- **Assigned task**
Of the lines listed below, return exactly those that run from the line containing "เครื่องซักผ้าฝาบน LG TV2725SV9J" through the line containing "FermFast Activated Carbon 4oz", both included.

- **Data to use**
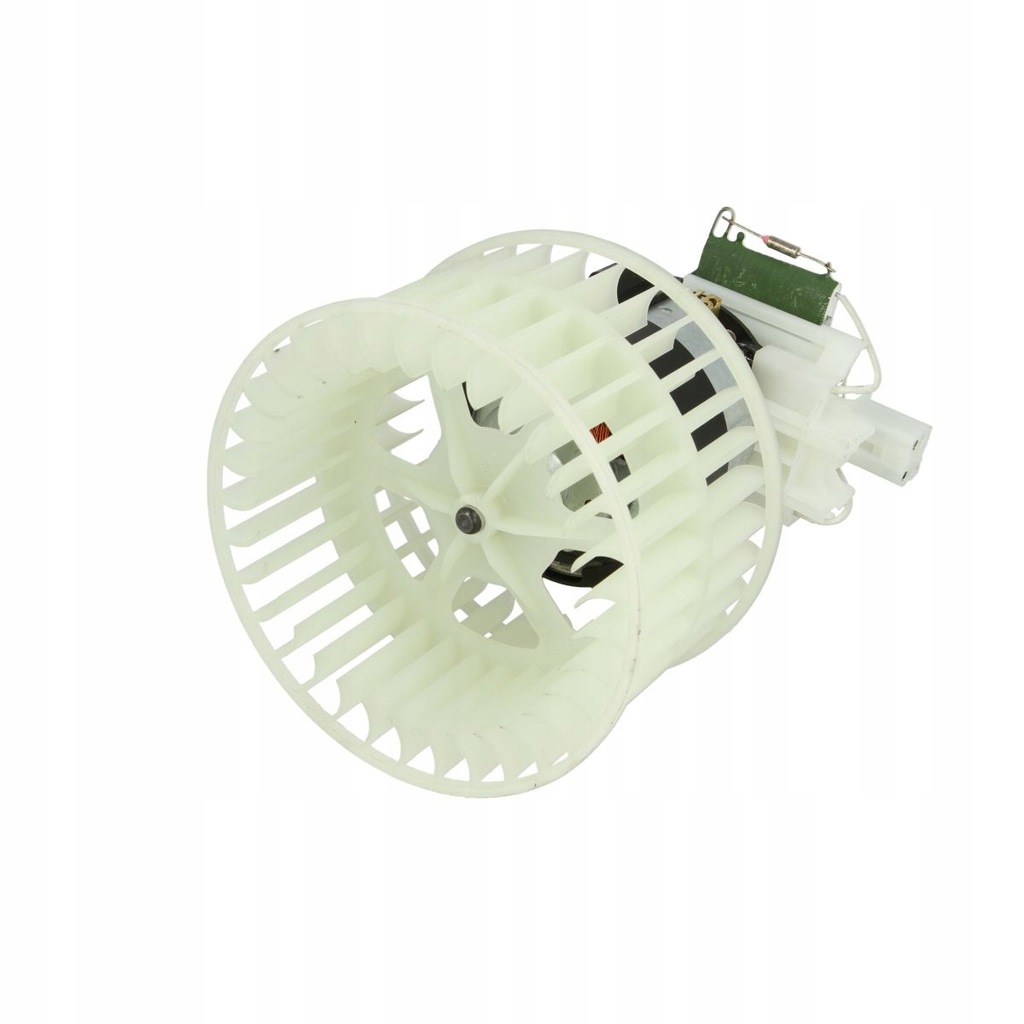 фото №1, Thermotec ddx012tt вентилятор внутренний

* * *

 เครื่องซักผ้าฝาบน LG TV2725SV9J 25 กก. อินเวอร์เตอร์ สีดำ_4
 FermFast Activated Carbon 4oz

- **Solution to the problem**
 เครื่องซักผ้าฝาบน LG TV2725SV9J 25 กก. อินเวอร์เตอร์ สีดำ_4
 FermFast Activated Carbon 4oz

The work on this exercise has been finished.